The business team reported that INSERT VALUES occasionally became slow. By the time I checked the active sessions, the slow write problem had already subsided.

Later, I discovered that the slow write problem lasted less than half a minute, with INSERT VALUES taking 1-2 seconds. I wrote a script to capture active session information and managed to get the session data:

     wait_event      | count
---------------------+-------
 [null]              |    11
 WALRead             |     1
 DataFileRead        |     2
 BgWriterMain        |     1
 WALWrite            |    40
 AutoVacuumMain      |     1
 ClientRead          |   385
 LogicalLauncherMain |     1

The most abnormal wait event was WALWrite with 40 sessions.

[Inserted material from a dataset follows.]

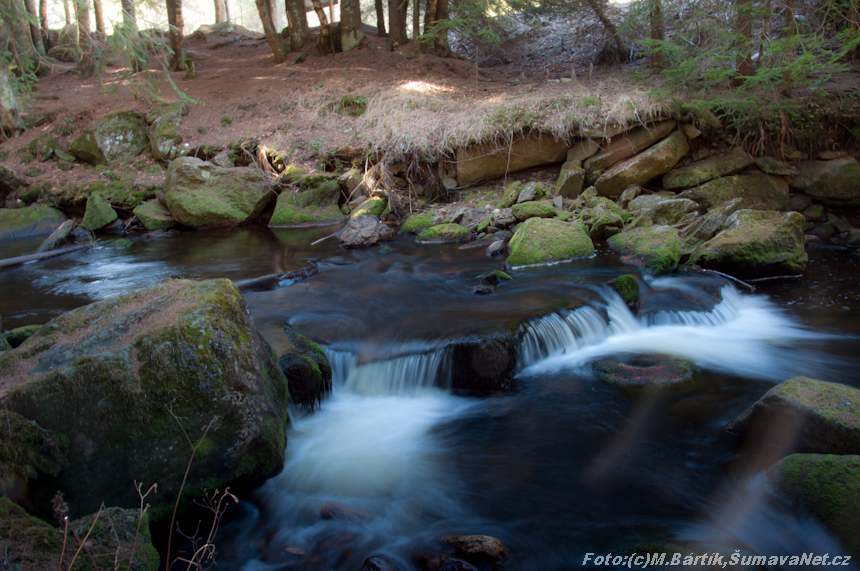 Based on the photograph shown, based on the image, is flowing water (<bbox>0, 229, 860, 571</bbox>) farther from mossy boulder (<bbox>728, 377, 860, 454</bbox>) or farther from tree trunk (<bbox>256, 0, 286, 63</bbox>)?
tree trunk (<bbox>256, 0, 286, 63</bbox>)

Two of the WALWrite-waiting sessions looked like this:

  pid  | usename  |          xact_start           |         state_change          |  wait_event   | wait_event_type | state  |                                                                                  partofquery
-------+----------+-------------------------------+-------------------------------+---------------+-----------------+--------+--------------------------------------------------------------
 144955 | lzluser11 | 2024-05-23 07:58:27.516574+08 | 2024-05-23 07:58:27.516588+08 | WALWrite       | LWLock          | active | insert into table1( 
 179869 | lzluser11 | 2024-05-23 07:58:28.116371+08 | 2024-05-23 07:58:28.116386+08 | WALWrite       | IO              | active | insert into table1( 

Let’s search the source code for WALWrite-related content:

 * WALWriteLock: must be held to write WAL buffers to disk (XLogWrite or
 * XLogFlush).

 /*
 * LWLockAcquireOrWait - Acquire lock, or wait until it's free
 *
 * The semantics of this function are a bit funky.  If the lock is currently
 * free, it is acquired in the given mode, and the function returns true.  If
 * the lock isn't immediately free, the function waits until it is released
 * and returns false, but does not acquire the lock.
 *
 * This is currently used for WALWriteLock: when a backend flushes the WAL,
 * holding WALWriteLock, it can flush the commit records of many other
 * backends as a side-effect.  Those other backends need to wait until the
 * flush finishes, but don't need to acquire the lock anymore.  They can just
 * wake up, observe that their records have already been flushed, and return.
 */

When WAL is written from WAL buffers to disk, the WALWriteLock must be held.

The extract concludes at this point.